Praga Caput Regni
Une des choses les plus difficile à réaliser dans un jeu expert offrant plusieurs types d’action, c’est de gérer l’équilibrage. On veut tous pouvoir prendre des voies différentes tout en ayant les mêmes chances de gagner que le voisin, pour ne pas se borner à toujours jouer de la même manière dans ce qui deviendrait « la voie royale ». Parfois il faut atteindre un certain niveau de jeu, de connaissance dans le fonctionnement d’une partie, pour que l’on puisse gagner avec les voies supposées faibles, parfois on se rend compte dès la première partie que tout le monde a les mêmes chances de victoire.
Praga Caput Regni est le dernier jeu de Vladimir Suchý, qui a déjà emporté l’EGA 2017 avec Underwater Cities, toujours publié chez Delicious Games, la boîte de production familiale créée à l’occasion de Underwater Cities. C’est Milan Vavron, qui a déjà œuvré sur Tzolkin, Mage Knight ou évidemment Underwater Cities, qui continue à avoir les faveurs de Suchý.
Praga Caput Regni, ou Prague Capitale du Royaume, fait référence à la maxime tchèque qui date du 14ième siècle au moment où Prague était une des villes les plus importantes d’Europe. Dirigée par un Roi de Bohème, Charles IV, ce dernier devient Empereur du Saint Empire Romain et entreprendra une expansion de Prague à tout niveau. Fondateur de l’Université de Prague, d’un pont à son nom sur la Vltava, d’un Mur de défense et du début de la construction de la cathédrale St Vitus (ou St Guy en français), c’est sur les traces de cet illustre monarque que vous allez marcher.

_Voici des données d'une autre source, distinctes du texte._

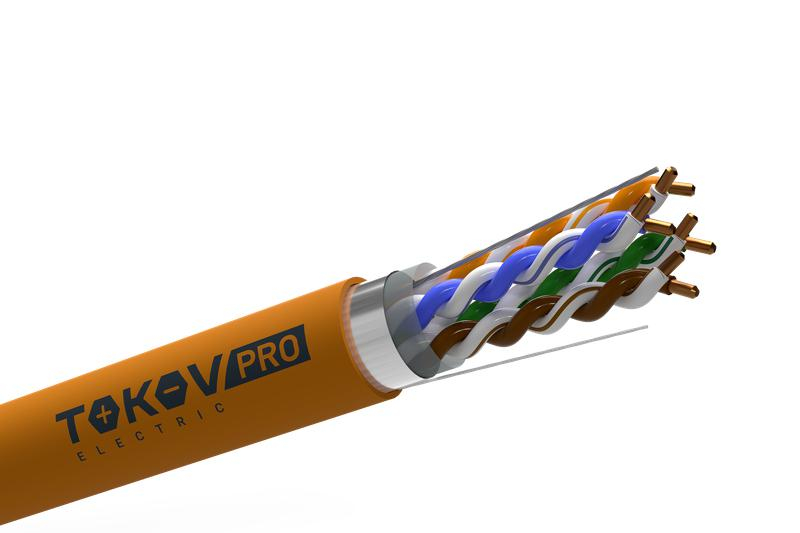 Кабель витая пара F/UTP 4х2х23AWG(0.57мм) кат.6 ZH нг(А)-HF (LSZH) indoor 305м (м) PRO TOKOV ELECTRIC TKP-C06-F42-6-RU-LSZH ТехноИмпульс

La partie se déroule sur 16 tours, éventuellement complétés de quelques coups bonus, répartis sur deux ères (qui change les tuiles disponibles). Une roue gère le passage du temps et le coût des tuiles d’action que vous choisirez. Il existe 6 types d’action possible :
* Production d’or / de pierre : Au choix, augmenter sa capacité de production (+1 ressource immédiate) ou produire (des ressources et des bonus selon l’avancement).

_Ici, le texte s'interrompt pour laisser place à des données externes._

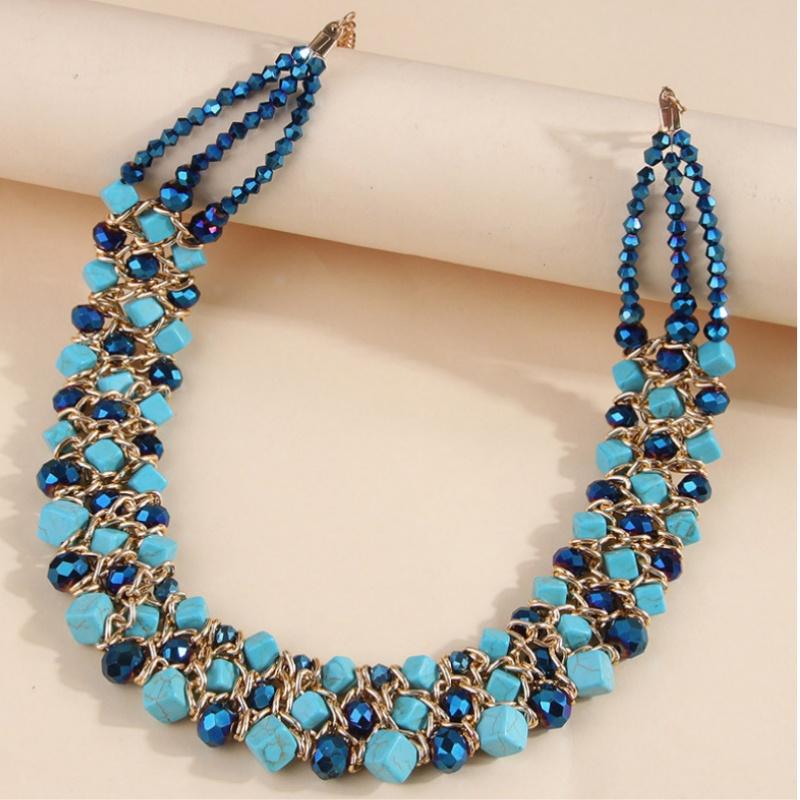 Ethnic Glasses Mixed Choker Necklace Women Multilayer Jewelry Accessories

* Prendre une tuile : Les tuiles sont de 3 types et permettent d’obtenir des bonus de placement (lorsque deux symboles se touchent).
– Upgrade : Donne un bonus aux actions de base. Gratuit.
– Mur : Donne un bonus immédiat et permettent éventuellement de progresser dans le Mur de la Faim. Payant.
– Bâtiment : Donne un bonus immédiat et permettent éventuellement de progresser dans la Cathédrale. Payant. Combat de majorité autour des places du jeu.
* Avancer sur la route : Gain de ressources en partie contre des œufs (utilisé dans la construction du pont comme mortier).
Ce qui est intéressant c’est qu’avec ces six actions on va générer des sous-actions (collecte, développement, PV) qui vont vous permettre de plus analyser vos options. Une des actions de développement c’est l’avancée dans les deux bâtiments 3D : Le Mur de la Faim et la Cathédrale St Vitus. Vous aurez 4 cases de développement latérales et autant verticales qui s’activent différemment. A l’horizontal, cela se fait avec les tuiles (Mur/Bâtiment) ayant le symbole ad hoc, tandis que l’on progressera vers le haut en rendant 2 vitraux préalablement collectés (action libre).
Grimper dans la cathédrale, monter sur le pont ou atteindre le bout de la piste des Pierre/Or ont la même utilité : Récolter des Objectifs PV de fin de jeu. Ces divers endroits vous permettront de choisir une manière de gagner des PV et, somme toute, guider votre fin de jeu. Par ailleurs, vous gagnerez aussi des PV en multipliant vos avancées dans la bibliothèque et l’université, votre progression latérale dans les 2 3D avec les jetons récoltés, selon les murs construits et les œufs collectés !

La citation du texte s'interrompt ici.